DATA EXCERPTS >>
---

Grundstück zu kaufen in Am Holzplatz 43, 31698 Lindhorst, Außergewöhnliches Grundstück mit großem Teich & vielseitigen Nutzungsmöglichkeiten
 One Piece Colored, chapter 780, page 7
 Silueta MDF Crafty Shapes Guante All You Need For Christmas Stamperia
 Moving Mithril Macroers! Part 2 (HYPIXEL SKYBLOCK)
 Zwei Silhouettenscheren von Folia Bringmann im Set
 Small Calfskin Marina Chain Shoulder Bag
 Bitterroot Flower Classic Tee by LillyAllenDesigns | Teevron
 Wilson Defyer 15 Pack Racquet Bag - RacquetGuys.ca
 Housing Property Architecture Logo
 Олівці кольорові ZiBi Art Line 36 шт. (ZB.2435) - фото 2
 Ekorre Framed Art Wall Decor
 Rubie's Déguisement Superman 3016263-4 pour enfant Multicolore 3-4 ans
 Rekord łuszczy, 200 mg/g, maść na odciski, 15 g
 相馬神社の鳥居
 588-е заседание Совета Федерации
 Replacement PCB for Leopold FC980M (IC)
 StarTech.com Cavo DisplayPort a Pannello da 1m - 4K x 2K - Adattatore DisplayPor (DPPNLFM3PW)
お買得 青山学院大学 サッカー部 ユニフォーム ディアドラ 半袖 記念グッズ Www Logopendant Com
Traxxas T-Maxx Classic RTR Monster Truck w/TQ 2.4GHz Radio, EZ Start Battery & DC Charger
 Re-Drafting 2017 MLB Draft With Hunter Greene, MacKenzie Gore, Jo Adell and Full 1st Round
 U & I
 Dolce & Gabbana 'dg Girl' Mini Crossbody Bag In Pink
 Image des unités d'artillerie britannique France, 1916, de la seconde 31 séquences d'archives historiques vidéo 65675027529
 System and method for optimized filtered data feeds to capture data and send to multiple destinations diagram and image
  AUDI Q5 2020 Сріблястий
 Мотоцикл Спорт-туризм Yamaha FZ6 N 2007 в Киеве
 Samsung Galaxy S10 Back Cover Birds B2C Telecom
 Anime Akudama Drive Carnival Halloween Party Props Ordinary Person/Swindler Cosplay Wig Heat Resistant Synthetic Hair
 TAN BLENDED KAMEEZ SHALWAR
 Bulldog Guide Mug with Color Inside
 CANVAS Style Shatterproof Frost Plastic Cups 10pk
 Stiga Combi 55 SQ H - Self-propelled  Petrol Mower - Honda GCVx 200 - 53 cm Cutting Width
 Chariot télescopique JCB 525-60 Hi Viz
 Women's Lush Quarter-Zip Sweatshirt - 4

---

WORK ORDER >>
Print the lines of the entries, exactly, from the one containing "Dolce & Gabbana" down to the final line, and leave out all the others.

OUTPUT FOR THIS EXERCISE >>
 Dolce & Gabbana 'dg Girl' Mini Crossbody Bag In Pink
 Image des unités d'artillerie britannique France, 1916, de la seconde 31 séquences d'archives historiques vidéo 65675027529
 System and method for optimized filtered data feeds to capture data and send to multiple destinations diagram and image
  AUDI Q5 2020 Сріблястий
 Мотоцикл Спорт-туризм Yamaha FZ6 N 2007 в Киеве
 Samsung Galaxy S10 Back Cover Birds B2C Telecom
 Anime Akudama Drive Carnival Halloween Party Props Ordinary Person/Swindler Cosplay Wig Heat Resistant Synthetic Hair
 TAN BLENDED KAMEEZ SHALWAR
 Bulldog Guide Mug with Color Inside
 CANVAS Style Shatterproof Frost Plastic Cups 10pk
 Stiga Combi 55 SQ H - Self-propelled  Petrol Mower - Honda GCVx 200 - 53 cm Cutting Width
 Chariot télescopique JCB 525-60 Hi Viz
 Women's Lush Quarter-Zip Sweatshirt - 4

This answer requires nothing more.